§ WHAT IS REQUIRED
Reproduce only what runs from the line containing "Gaming-luidsprekers | 2.1" to the line containing "Herren Angelshirt Langarm" in the records below, inclusive. Keep it exact, and keep the pictures out.

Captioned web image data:
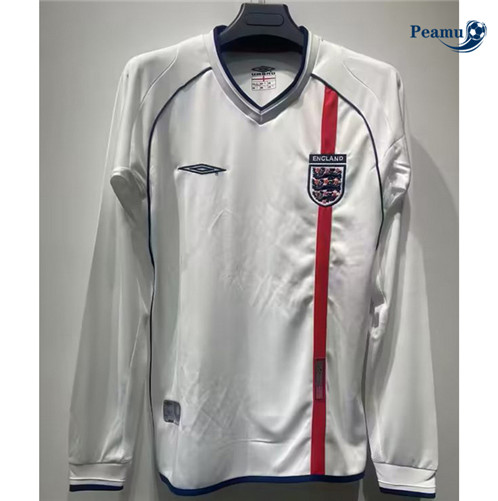 Nuovo Classico Maglie Calcio Inghilterra Prima Manica lunga 2002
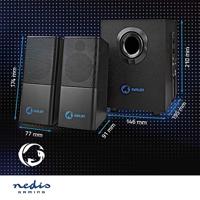 Gaming-luidsprekers | 2.1 | Over USB gevoed | 3,5 mm jack | RMS 11W - thumbnail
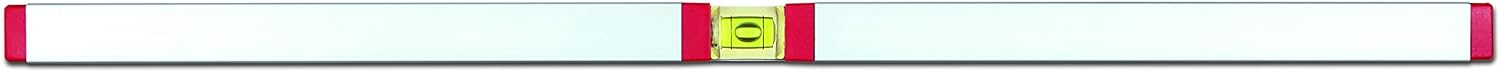 BMI Aluminium Profile Spirit Level ALUSTAR with Magnet (120 cm Long, Edgeless Horizontal Level with Magnifying Effect, High Measuring Accuracy 0.5 mm/m, with Rubber End Caps) 694120EM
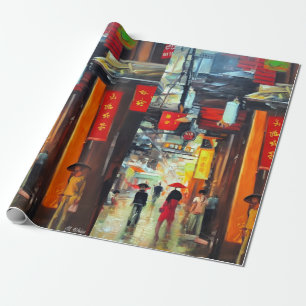 Presente Papel de embrulhamento na cidade de Saigon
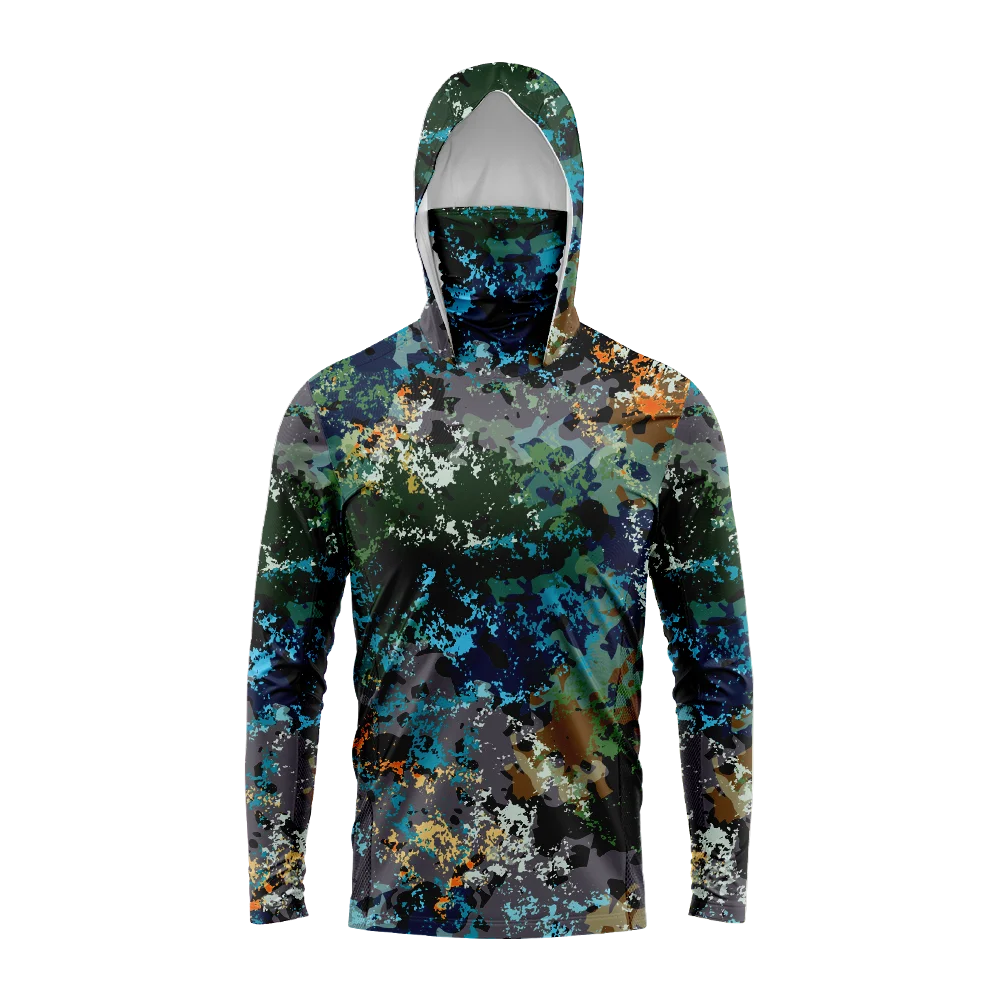 Herren Angelshirt Langarm mit UV-Schutz UPF 50, Schnelltrocknend und Antimikrobiell 0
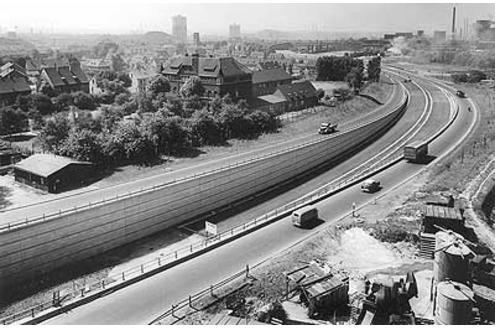 Westliche Parallelrampen der Anschlussstelle Dorstener Straße.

§ EXERCISE RESPONSE
 Gaming-luidsprekers | 2.1 | Over USB gevoed | 3,5 mm jack | RMS 11W - thumbnail
 BMI Aluminium Profile Spirit Level ALUSTAR with Magnet (120 cm Long, Edgeless Horizontal Level with Magnifying Effect, High Measuring Accuracy 0.5 mm/m, with Rubber End Caps) 694120EM
 Presente Papel de embrulhamento na cidade de Saigon
 Herren Angelshirt Langarm mit UV-Schutz UPF 50, Schnelltrocknend und Antimikrobiell 0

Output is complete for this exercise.